| RECORDS FOR THE TASK |
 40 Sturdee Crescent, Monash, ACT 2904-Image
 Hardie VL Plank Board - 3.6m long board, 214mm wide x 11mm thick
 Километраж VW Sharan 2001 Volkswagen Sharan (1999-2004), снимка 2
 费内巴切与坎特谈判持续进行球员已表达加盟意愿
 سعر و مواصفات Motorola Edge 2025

---

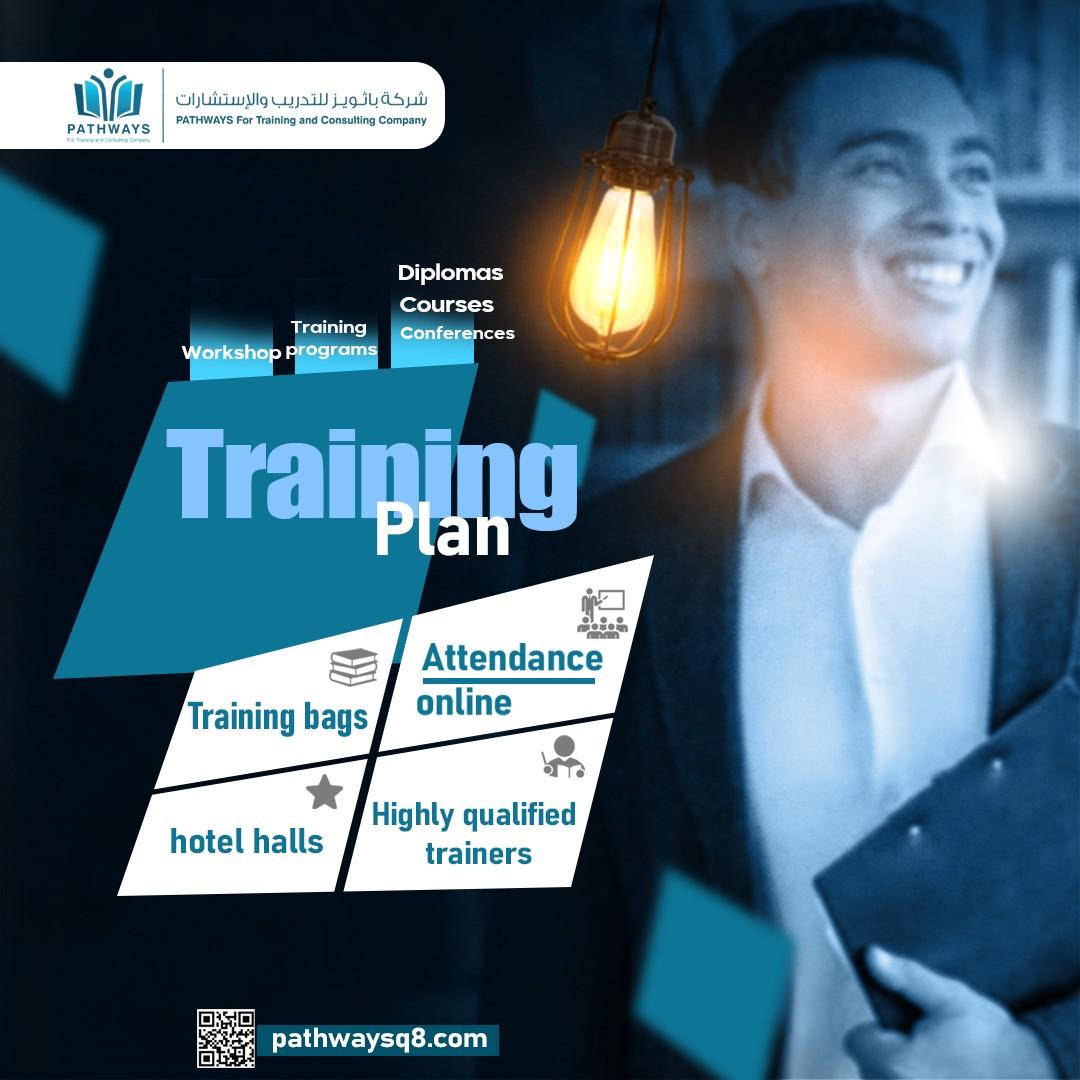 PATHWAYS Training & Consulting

| TASK BRIEF |
Retype, in the same exact form, the lines of the material above from the line holding "Hardie VL Plank" through the line holding "سعر و مواصفات Motorola Edge 2025".

| EXERCISE SOLUTION |
 Hardie VL Plank Board - 3.6m long board, 214mm wide x 11mm thick
 Километраж VW Sharan 2001 Volkswagen Sharan (1999-2004), снимка 2
 费内巴切与坎特谈判持续进行球员已表达加盟意愿
 سعر و مواصفات Motorola Edge 2025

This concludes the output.